Here's the question that I posed:
Dennis Littky said the following in an interview on National Public Radio in April 2005: "The commissioner of education (in Rhode Island) Peter McWalter said to me, "I could have closed this school down the first year, but I had the patience to watch and I've never seen people who had the belief in the maturity of the kid" -- so half of our great work is because the [kids] grew up. In most schools, they don't get to [grow up] -- they get stopped before [they can prove themselves]."
In the Littky success story, part of the credit for success goes to Peter McWalters for giving Littky's staff the time to meet goals and to create a school with different procedures.
You can get the full radio interview at npr.org and search "Dennis Littky Small school"
Littky's school is a charter and from what I've seen in Florida, charters are generally inspected by the school district. To pass inspection, many charter schools adopt the same curriculum and general rules and penalties for discipline that traditional schools use. (In Broward County, where I work, this means a 30-page code of behavior that the students have to agree to follow - who reads all that?)...

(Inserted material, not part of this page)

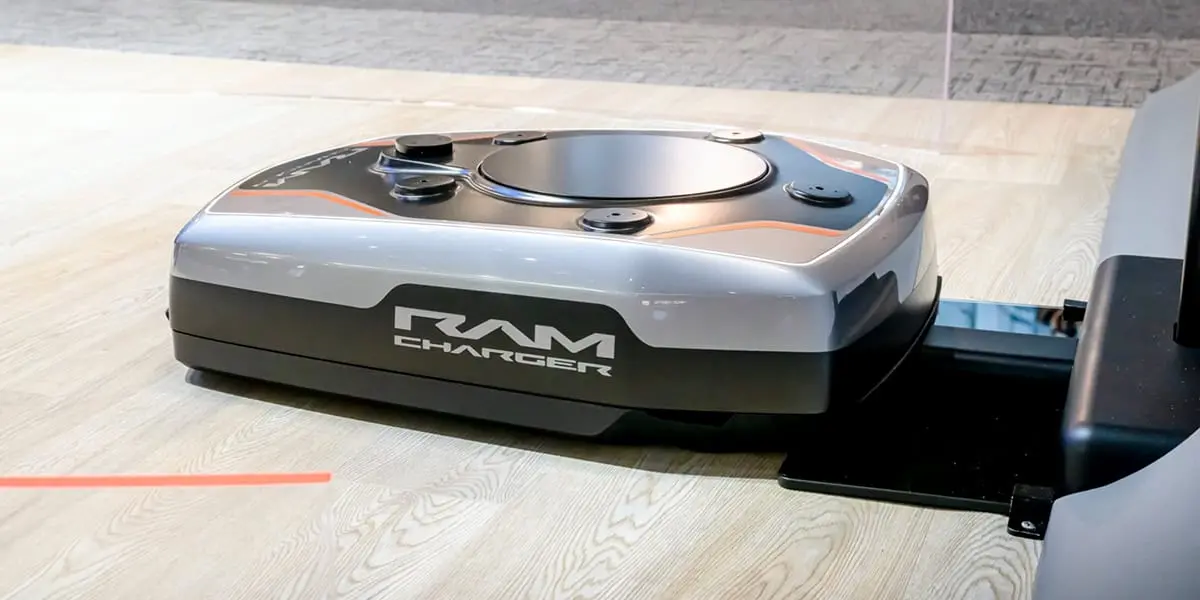 Robot-carga_Ram-Charger_base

What do you recommend? Should we teachers and parents go to the legislature and get the charter schools permission to try a different curriculum and discipline structure? Under the current scheme, most charters eventually look a lot like the public schools that the kids couldn't perform well in... so why should we be surprised when many kids fail to get engaged in our charter schools?
Bottom line: would removing school district oversight help charter schools find "a different way" to differentiate lessons and personalize the instruction, allowing more project-based learning?